Trump administration lawyers appealed the ruling last week in the First Circuit of the U.S. Court of Appeals, arguing that U.S. District Judge Brian Murphy’s order constituted an “unworkable scheme” that threatened to derail sensitive negotiations with foreign countries and risked derailing “thousands” of planned deportations.

They also defended Murphy’s decision last year against the Supreme Court’s two earlier emergency stays, after the high court intervened and allowed the administration to continue its deportation policy for now.

US JUDGE ACCUSED TRUMP ADMIN OF ‘PRODUCING CHAOS’ OUTSIDE THE BORDER FROM SOUTH SUDAN, INCREASING THE FIGHT

President Donald Trump signed the executive order at the White House. (Andrew Harnik/Getty Images)

As senior Trump administration officials acknowledged earlier this year, the case is almost certain to head to the high court for a full review of its merits.

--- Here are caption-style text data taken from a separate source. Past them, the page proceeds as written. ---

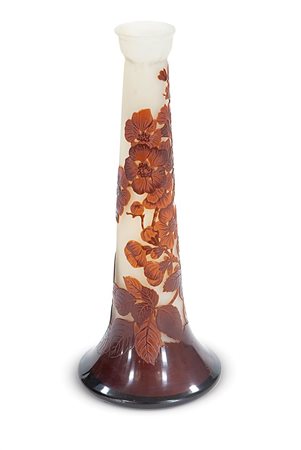 GALLE' Vaso troncoconico a piede d'elefante in vetro doppio, decoro di...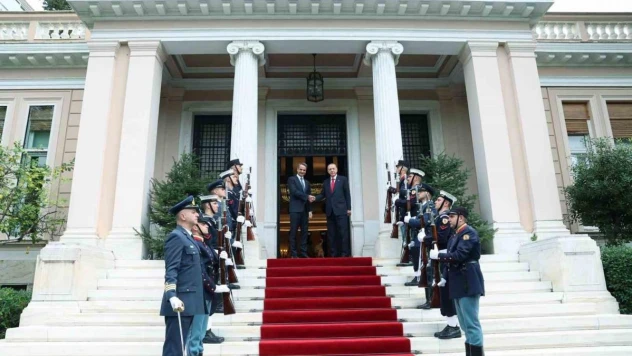 Cumhurbaşkanı Erdoğan, Yunanistan Başbakanı Miçotakis ile görüştü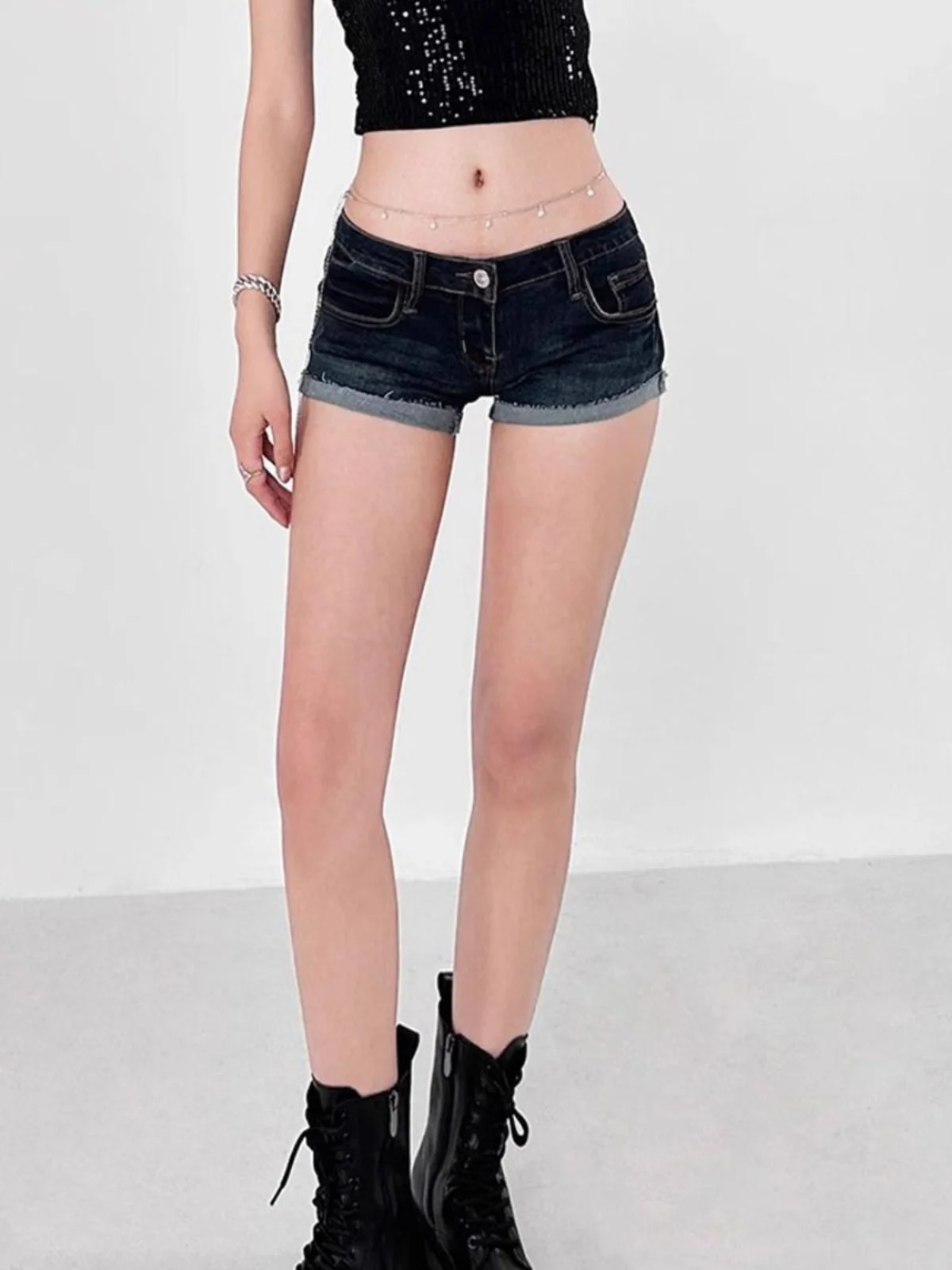 American Millennium Sexy Girl Denim Shorts Women's Spring Summer Low Waist Belly Show Elastic Slim Fit Cuffed Butt Shorts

Murphy, a Biden appointee, sided with immigrants in his 81-page decision last month, finding that the Department of Homeland Security’s removal process — or the process of removing immigrants from the U.S. to a country other than their country of origin — was illegal and violated. due process protections Under the US Constitution.

He ruled that the Trump administration should first try to deport immigrants to their home country or to the deportation country previously determined by an immigration judge. Only after this process, he said, could migrants be sent to a third country as long as “meaningful notice” was provided and migrants were given the opportunity to raise any fear of persecution in the third country designated for deportation under the so-called “reasonable fear” interview.

In his ruling, Murphy wrote that the third-country deportation policy “failed to satisfy due process for many reasons,” but he stayed the policy from taking effect for 15 days to give the administration time to appeal.

Barring intervention from a U.S. appeals court, the ruling was scheduled to take effect Thursday.

FEDERAL JUDGES IN NEW YORK AND TEXAS BLOCKED TRUMP FROM BEING DEPORTED AFTER THE SCOTUS RULING

Pam Bondi during the press conference

Attorney General Pam Bondi holds a press conference at the Department of Justice. (Tom Williams/CQ-Roll Call, Inc. via Getty Images)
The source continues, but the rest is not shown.